------ Input data

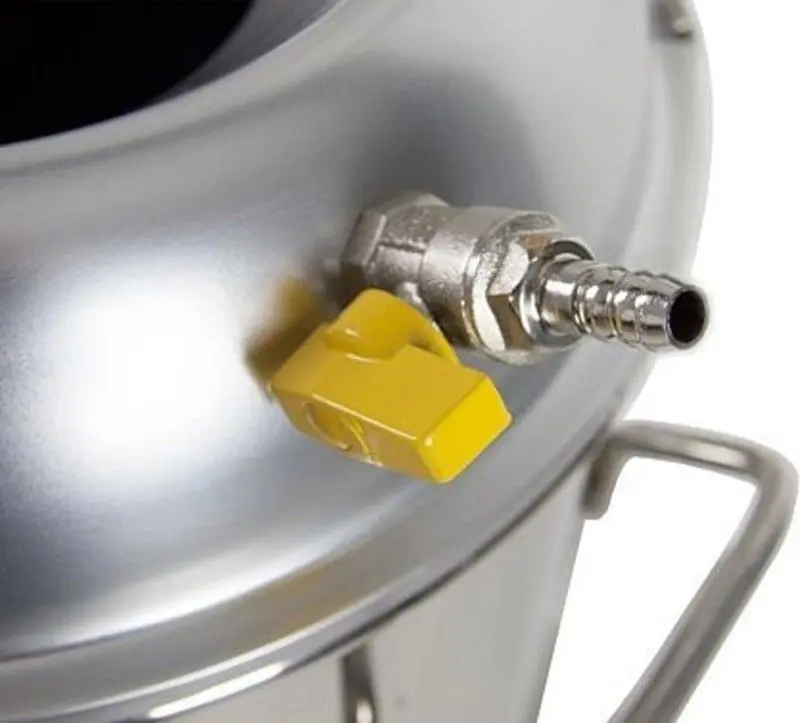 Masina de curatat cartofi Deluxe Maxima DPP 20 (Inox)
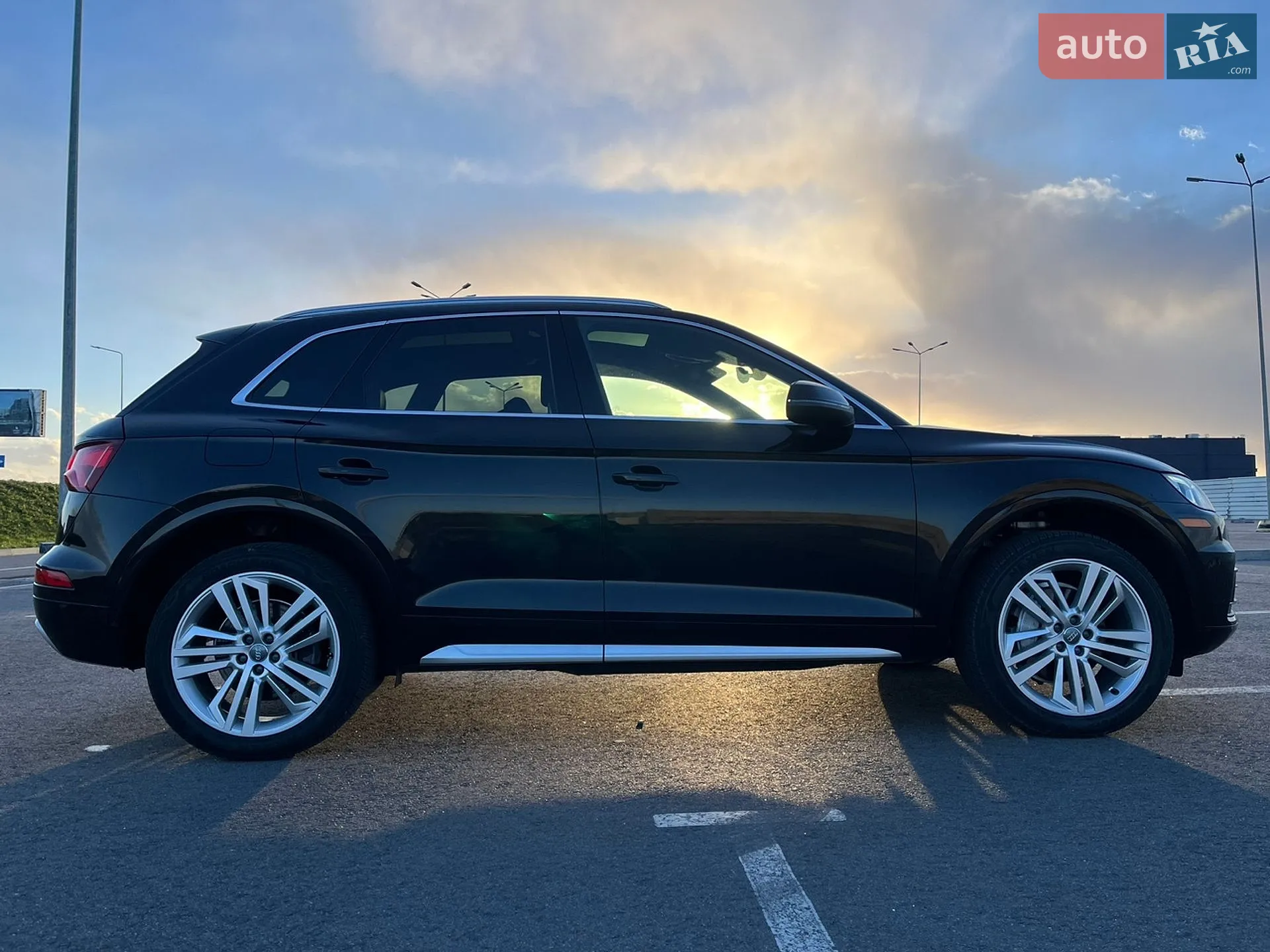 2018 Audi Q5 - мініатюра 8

------------
------ Input data

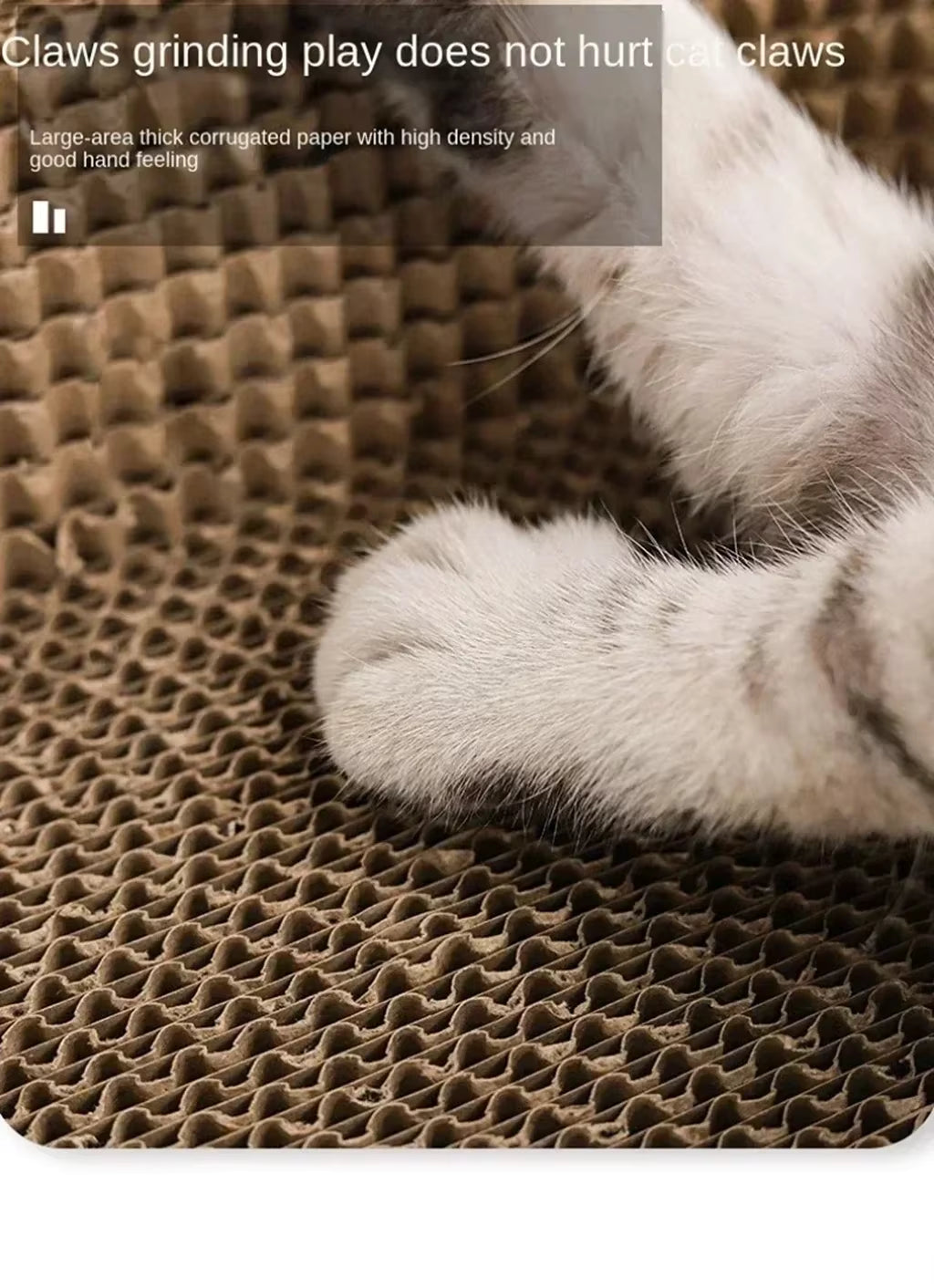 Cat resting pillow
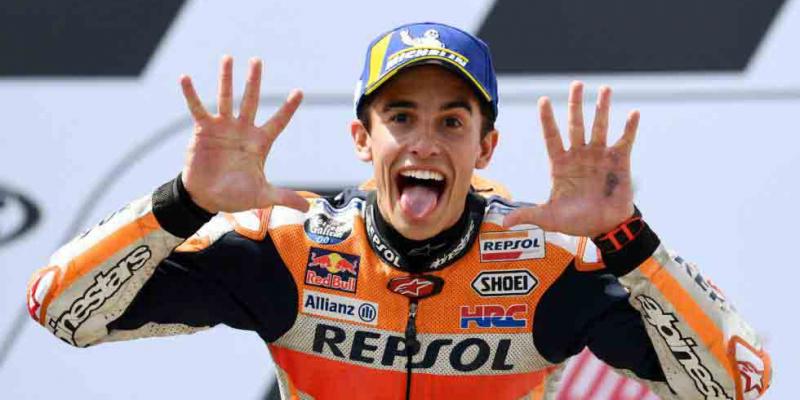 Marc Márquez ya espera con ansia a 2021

------------

Exercise objective:
Everything above from the line containing "Cat resting pillow" down to the line containing "Marc Márquez ya espera con ansia a 2021" is to be duplicated exactly, both lines included, and the pictures are to be omitted.

Solution to this exercise:
 Cat resting pillow
 Marc Márquez ya espera con ansia a 2021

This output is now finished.